Widmark has made a lot of good cop movies during his career, although frequently on the wrong side of the law. In his first film, "Kiss of Death" (1948), he laughed fiendishly and pushed that old lady in a wheelchair down a flight of stairs. Twenty years later, moviegoers still remember that scene.
His latest, "Madigan," was shot partly on location in New York's Spanish Harlem, where Widmark and Harry Guardino play detectives given 48 hours to catch a killer.
"We got some good realistic scenes, but finally we had to get out," he said. "We have some gunfights near the end of the film and the police were afraid we might inspire the real thing."
How have crime movies changed between "Kiss of Death" and "Madigan"?
"I don't know," Widmark said, "or if I do, I'd better not say. There's something suspicious about a guy who's too articulate about his work.

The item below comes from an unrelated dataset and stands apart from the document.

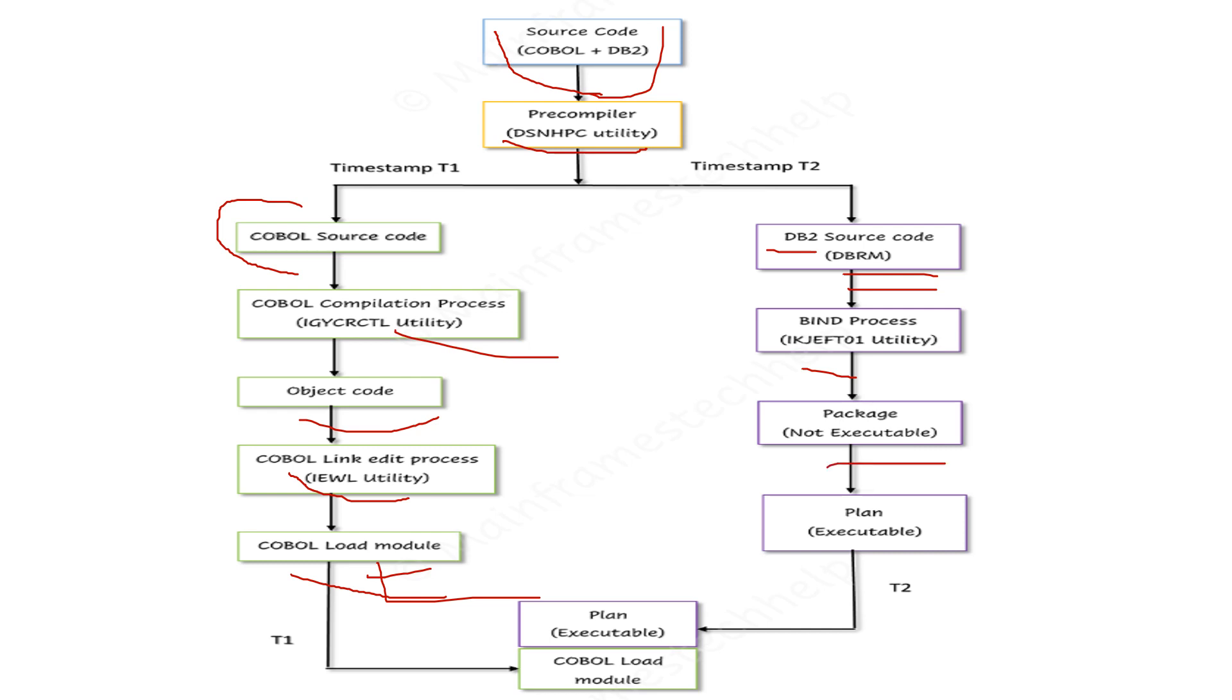In DBRM, we perform the bind process. We run the utility, and the package is created. The package is in non-executable format. Remember that under a single plan, you can have multiple packages. This is the bind process.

It's like John Ford says about Westerns, he makes them because he enjoys working in the fresh air."
Widmark said his own favorite films include two in which Ford directed him: "Two Rode Together" and "Cheyenne Autumn." "I also remember 'Panic in the Streets,' directed by Elia Kazan, very fondly," he said. "I got into Ford's films rather late, long after he had his stable of performers built up, but I'm glad I got him as a director at all."
Widmark is currently working on "Patch," a Western. "And then I'd like to do another crime movie," he said "I'll probably produce it myself. A realistic movie shot in the streets. You know where I want to shoot it? Chicago."